Non-GAAP Financial Measures

To supplement the condensed consolidated financial statements, which are prepared and presented in accordance with accounting principles generally accepted in the United States ("GAAP"), the Company uses, and this press release contains references to, the non-GAAP financial measures of financial performance listed below.

  • Bookings represent executed sales contracts received by the Company that are either recorded immediately as revenue or as deferred revenue.
  • Adjusted EBITDA is GAAP net income/(loss) plus interest income and expense, other income/expense, income tax benefit and expense, impairment, depreciation, amortization, stock-based compensation, and restructuring expenses. In addition, Adjusted EBITDA excludes "Other" items related to the litigation with Google Inc., consulting and other related costs associated with the development and implementation of the accelerated strategy and cost reductions, non-restructuring wind down and severance costs, and transaction and other costs associated with mergers and acquisitions, as well as all adjustments related to recording the non-cash tax valuation allowance for deferred tax assets. Adjusted EBITDA for prior periods has been revised to conform to current definition.
  • Free cash flow is cash flow from operating activities minus cash used in purchases of property and equipment.
  • Segment contribution is calculated as segment revenue less expenses directly incurred by or allocated to the segment. Direct segment expenses include costs and expenses that are directly incurred by or allocated to the segment and include materials costs, service costs, customer care and coaching costs, sales and marketing expenses, and bad debt expense. In addition to the previously referenced expenses, the Literacy segment includes direct research and development expenses and Combined Language includes shared research and development expenses, cost of revenue, and sales and marketing expenses applicable to the Consumer Language and Enterprise & Education Language segments.

The definitions, GAAP comparisons, and reconciliation of those measures with the most directly comparable GAAP financial measures are available in this press release or in the corresponding earnings presentation, which are posted on our website at www.rosettastone.com

Management believes that these non-GAAP measures of financial results provide useful information to management and investors regarding certain financial and business trends relating to the Company’s financial condition and results of operations, enabling a better understanding of the long-term performance of the Company’s business. Management uses these non-GAAP measures to compare the Company’s performance to that of prior periods for trend analysis, and for budgeting and planning purposes. Management believes that the use of these non-GAAP financial measures provides an additional tool for investors to use in evaluating ongoing operating results and trends and in comparing the Company’s financial measures with other software and education-technology companies, many of which present similar non-GAAP financial measures to investors.

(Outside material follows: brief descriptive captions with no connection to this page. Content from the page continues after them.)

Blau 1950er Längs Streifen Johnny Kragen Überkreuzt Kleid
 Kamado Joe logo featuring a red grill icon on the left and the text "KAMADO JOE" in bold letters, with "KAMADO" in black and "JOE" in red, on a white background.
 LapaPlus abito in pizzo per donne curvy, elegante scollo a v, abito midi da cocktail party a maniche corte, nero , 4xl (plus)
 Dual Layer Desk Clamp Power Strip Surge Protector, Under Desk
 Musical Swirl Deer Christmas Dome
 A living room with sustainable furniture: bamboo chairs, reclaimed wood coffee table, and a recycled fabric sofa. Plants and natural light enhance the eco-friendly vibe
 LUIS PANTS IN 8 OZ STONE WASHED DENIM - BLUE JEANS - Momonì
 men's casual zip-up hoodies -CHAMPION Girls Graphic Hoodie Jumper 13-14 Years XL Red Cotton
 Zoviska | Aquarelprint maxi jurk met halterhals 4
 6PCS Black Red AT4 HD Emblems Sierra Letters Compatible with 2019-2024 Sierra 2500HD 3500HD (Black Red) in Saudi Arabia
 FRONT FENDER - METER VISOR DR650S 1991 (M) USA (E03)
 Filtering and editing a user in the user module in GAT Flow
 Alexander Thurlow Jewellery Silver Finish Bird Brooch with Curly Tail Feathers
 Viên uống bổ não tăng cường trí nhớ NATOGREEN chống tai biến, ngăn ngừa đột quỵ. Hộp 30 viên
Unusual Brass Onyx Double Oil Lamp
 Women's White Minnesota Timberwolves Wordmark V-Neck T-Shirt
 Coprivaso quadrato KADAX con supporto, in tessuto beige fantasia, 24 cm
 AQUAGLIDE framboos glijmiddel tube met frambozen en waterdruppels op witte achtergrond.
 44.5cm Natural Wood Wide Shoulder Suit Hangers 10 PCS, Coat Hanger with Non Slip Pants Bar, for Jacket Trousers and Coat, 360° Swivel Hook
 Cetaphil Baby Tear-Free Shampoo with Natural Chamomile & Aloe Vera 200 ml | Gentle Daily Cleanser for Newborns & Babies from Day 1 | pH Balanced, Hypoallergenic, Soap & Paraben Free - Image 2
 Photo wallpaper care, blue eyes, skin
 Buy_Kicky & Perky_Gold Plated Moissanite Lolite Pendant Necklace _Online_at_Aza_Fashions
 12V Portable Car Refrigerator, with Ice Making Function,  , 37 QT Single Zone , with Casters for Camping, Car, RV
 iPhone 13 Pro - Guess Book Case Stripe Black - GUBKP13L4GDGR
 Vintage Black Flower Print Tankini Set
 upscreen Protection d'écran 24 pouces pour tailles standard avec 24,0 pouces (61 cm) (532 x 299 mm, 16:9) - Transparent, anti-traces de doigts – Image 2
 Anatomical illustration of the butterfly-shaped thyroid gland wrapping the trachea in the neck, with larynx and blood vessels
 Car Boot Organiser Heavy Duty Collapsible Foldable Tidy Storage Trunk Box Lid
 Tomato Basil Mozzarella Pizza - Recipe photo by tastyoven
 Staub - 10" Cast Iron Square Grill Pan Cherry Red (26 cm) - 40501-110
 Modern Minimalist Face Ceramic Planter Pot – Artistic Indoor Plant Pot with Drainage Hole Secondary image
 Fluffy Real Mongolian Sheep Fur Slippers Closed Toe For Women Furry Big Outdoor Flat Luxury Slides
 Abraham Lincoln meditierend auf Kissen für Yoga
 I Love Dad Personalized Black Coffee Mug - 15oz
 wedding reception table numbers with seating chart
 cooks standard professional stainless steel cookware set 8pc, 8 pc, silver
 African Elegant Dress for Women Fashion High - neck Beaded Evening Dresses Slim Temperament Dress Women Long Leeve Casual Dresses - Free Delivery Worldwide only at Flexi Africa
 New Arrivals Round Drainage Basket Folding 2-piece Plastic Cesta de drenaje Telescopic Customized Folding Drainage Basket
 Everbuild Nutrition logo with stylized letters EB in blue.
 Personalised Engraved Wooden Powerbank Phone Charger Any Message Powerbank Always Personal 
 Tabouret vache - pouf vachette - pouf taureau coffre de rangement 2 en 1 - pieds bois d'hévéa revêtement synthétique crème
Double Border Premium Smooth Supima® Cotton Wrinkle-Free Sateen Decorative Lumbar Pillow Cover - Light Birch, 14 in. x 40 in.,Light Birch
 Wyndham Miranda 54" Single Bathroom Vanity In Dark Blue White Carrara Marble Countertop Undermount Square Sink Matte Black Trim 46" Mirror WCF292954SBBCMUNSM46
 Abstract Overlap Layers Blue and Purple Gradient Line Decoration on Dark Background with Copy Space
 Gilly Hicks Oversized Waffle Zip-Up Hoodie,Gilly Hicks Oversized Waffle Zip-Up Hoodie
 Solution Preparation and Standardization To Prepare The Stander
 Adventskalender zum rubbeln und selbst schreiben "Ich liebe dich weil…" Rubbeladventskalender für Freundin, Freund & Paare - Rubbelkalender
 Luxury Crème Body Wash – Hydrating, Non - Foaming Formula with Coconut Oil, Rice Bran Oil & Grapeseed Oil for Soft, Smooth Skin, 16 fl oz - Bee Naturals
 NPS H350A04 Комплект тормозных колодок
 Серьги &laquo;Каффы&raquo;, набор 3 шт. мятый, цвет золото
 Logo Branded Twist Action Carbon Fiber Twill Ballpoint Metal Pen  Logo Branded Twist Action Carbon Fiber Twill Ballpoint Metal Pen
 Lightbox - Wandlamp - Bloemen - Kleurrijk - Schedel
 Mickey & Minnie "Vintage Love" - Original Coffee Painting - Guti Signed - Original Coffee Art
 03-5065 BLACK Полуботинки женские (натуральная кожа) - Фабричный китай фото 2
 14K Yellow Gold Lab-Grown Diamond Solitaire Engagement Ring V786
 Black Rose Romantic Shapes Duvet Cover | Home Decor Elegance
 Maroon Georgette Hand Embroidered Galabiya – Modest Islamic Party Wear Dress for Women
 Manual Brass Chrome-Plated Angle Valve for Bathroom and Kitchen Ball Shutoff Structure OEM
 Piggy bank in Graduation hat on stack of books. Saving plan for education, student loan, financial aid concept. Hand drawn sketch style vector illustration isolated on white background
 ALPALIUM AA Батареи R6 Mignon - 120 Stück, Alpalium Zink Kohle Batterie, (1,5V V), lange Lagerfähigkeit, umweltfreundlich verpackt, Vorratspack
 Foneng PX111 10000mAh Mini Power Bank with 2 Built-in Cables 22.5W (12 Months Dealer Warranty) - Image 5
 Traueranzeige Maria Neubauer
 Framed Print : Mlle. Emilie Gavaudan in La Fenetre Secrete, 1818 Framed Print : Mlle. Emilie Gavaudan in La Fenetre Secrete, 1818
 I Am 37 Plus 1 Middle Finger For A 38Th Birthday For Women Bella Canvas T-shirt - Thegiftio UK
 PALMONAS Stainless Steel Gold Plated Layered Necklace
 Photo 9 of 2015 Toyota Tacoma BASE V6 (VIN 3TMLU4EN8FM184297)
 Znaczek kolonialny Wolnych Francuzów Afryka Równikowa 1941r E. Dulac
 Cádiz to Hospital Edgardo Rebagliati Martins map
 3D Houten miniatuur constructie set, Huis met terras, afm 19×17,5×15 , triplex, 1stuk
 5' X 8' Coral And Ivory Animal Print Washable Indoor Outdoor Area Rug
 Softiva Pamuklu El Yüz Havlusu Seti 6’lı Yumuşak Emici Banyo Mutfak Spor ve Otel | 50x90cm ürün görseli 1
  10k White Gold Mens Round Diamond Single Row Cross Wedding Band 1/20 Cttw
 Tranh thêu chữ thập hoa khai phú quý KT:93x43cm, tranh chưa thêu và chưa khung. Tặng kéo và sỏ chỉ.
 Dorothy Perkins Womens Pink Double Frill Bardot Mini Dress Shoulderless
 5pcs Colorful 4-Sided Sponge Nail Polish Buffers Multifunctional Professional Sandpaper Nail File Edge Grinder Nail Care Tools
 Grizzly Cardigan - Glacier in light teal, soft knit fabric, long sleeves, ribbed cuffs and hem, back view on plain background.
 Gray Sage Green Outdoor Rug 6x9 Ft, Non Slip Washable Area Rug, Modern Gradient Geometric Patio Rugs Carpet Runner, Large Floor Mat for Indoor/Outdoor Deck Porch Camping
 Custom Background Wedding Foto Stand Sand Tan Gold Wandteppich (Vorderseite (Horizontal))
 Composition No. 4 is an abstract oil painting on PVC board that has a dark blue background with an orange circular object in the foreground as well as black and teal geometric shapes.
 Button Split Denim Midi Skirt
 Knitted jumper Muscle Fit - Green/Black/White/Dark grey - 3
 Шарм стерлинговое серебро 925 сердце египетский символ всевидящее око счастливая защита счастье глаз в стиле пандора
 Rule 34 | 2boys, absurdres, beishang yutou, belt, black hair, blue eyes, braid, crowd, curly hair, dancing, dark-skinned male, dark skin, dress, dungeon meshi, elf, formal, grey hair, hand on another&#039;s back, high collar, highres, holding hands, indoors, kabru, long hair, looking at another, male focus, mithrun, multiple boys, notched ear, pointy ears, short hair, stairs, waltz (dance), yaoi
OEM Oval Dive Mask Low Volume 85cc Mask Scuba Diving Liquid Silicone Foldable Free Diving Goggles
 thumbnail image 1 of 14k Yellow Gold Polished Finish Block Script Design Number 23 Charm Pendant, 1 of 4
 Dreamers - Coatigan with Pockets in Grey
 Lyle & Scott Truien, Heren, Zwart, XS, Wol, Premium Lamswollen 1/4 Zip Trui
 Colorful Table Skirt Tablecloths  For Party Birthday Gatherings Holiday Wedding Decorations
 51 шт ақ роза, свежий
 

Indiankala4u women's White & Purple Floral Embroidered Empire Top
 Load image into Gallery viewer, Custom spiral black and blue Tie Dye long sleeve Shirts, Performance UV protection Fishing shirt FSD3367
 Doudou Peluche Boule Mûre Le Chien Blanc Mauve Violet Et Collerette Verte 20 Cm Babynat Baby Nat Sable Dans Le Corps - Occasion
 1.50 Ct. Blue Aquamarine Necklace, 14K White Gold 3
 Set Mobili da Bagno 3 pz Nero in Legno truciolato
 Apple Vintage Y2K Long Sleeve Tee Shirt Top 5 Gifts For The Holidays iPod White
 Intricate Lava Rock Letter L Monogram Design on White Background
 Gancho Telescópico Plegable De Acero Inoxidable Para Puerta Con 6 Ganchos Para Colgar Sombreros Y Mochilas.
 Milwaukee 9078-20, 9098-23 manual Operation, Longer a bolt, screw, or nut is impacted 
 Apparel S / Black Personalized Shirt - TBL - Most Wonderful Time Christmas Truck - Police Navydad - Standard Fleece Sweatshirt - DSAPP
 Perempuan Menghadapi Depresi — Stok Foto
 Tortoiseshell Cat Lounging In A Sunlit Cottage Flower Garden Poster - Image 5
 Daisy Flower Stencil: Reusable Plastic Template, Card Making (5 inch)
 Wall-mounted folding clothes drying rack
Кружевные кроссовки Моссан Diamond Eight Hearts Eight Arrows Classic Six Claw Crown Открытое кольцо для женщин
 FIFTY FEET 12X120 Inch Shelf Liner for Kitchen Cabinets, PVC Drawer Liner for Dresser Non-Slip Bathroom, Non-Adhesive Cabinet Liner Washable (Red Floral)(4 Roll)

The presentation of this additional financial information is not intended to be considered in isolation from, as a substitute for, or superior to, the financial information prepared and presented in accordance with GAAP. The Company urges investors to review the reconciliation of its non-GAAP financial measures to the comparable GAAP financial measures, which it includes in press releases announcing earnings information, including this press release, or in corresponding earnings presentations, and not to rely on any single financial measure to evaluate the Company’s business. The Company’s non-GAAP measures may not be comparable to those used by other companies, and we encourage you to review and understand all our financial reporting before making any investment decision.

About Rosetta Stone Inc.

Rosetta Stone Inc. (NYSE:RST) is dedicated to changing people's lives through the power of language and literacy education. The company's innovative digital solutions drive positive learning outcomes for the inspired learner at home or in schools or workplaces around the world.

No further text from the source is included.